We exchanged stories about places, and the reasons we go there – Did you know there is next to nothing on the west side of the Great Salt Lake? Nathan’s been there to buy tractor, and says it’s so. He’s also taken a back way into Old Faithful on a trip he earned by being an outstanding student. Jamie wondered if I got tired or scared, if I was married, and why I was taking my trip. The scones were a sweet fry bread with honey butter, a warm end to my sticky day. I am shy and feel awkward about barging in on people’s lives, a stranger showing up at the door. But Natalie and the kids let me in, and that was special.
I slept soundly out by a sad cow who clanked and lowed to be with the others. I was awakened by a powerful and familiar smell. Skunk! So powerful it seemed as though Emma had gotten stunk and come into the tent. The air cleared. Natalie’s husband came home late and left to milk at 4:30, returning at 7 in time to set me straight on where I was going. (The Long Divide, a winding gravel climb up and over a stout hill separating the Logan Valley from the I-15 corridor proved to be another shortcut that has raised eyebrows all day.) I’ve wondered all day if he gets to take a nap before milking again at 4. I hope so.

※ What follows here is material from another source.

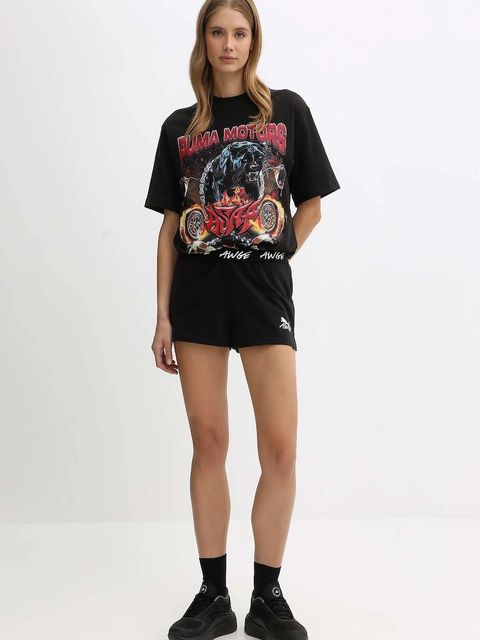 Puma x A$AP ROCKY szorty bawełniane damskie kolor czarny z aplikacją high waist 635071 - zdjęcie produktu nr 2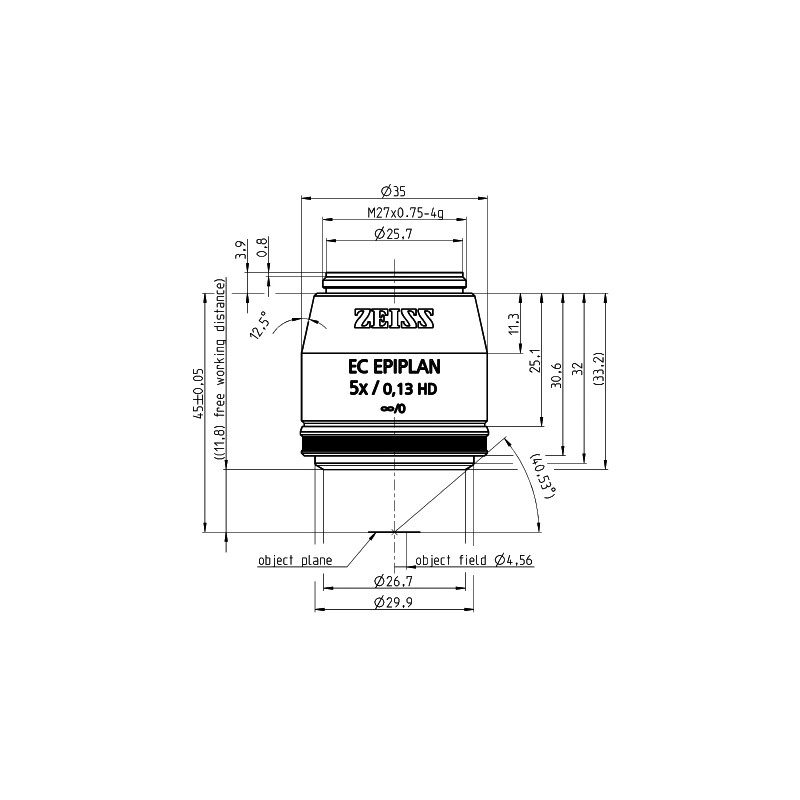 ZEISS Objektiv EC Epiplan 5x/0,13 HD bd=11,8 mm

Nathan told me there used to be 15 dairies in the Newton area. Now there are five. When I woke up at dawn I could see the gregarious ninth grader shifting irrigation pipe up on the hill. Helping his dad, uncle and grandfather is his summer job. Big dairy consolidation has coupled with the bizarre tendency of milk prices to stay the same even as the cost of everything else soars, to make it hard to stay in the business. But dairy is what this family does, like meeting a stranger’s request for help with an extra serving of kindness.
Posted on June 18, 2010 - by Nadia
Day 14: June 17, 2010
Fruita to Canyon Pinturado (about 10 miles south of Rangely)
Everyone who heard I was going to take this route to Dinosaur said, Ugh, boring. And no one really blinked an eye that I would climb Douglas Pass. Well, the route has been spectacular and Douglas Pass (elev. 8240, up from about 4,500) was nothing to take lightly. After about 30 miles of approach, during which I stopped for lunch and a nap, rode about a mile, stopped and cleaned my bike because it was sluggish, I crawled my way up the pass. I have been east of Dinosaur, years ago, and remember it being a flat, white, alkaline wasteland. I expected the same. I was wrong. Most of the approach, all of the climb and most of the descent was forested and touched by a cool breeze. The descent culminated in the Canyon Pinturado, a stretch of canyon with pictographs attributed to the Fremont people. I am camped on a slope in one of those side canyons, intent on continuing touring my way to Rangely for lunch tomorrow. (Internet in Rangely is slow. I’ll leave this as a place holder and move on toward Dinosur and Vernal.)
Posted on June 7, 2010 - by Nadia
A herd of pink elephants whizzed by me as I crested Bobcat Pass, headed down the way I’d come. What a circus, I thought. Indeed, if those clowns survived the descent to Eagles Nest at the speed they were going, they may well have the last laugh. Yep, it was a carnival caravan going at break neck speed as I crawled to the pass. The climb wasn’t as bad as I’d feared, but the descent into the odd ski town of Red River was breakneck, made more breathless by booming thunder and a driving rain right behind me. I made it to shelter without a moment to spare.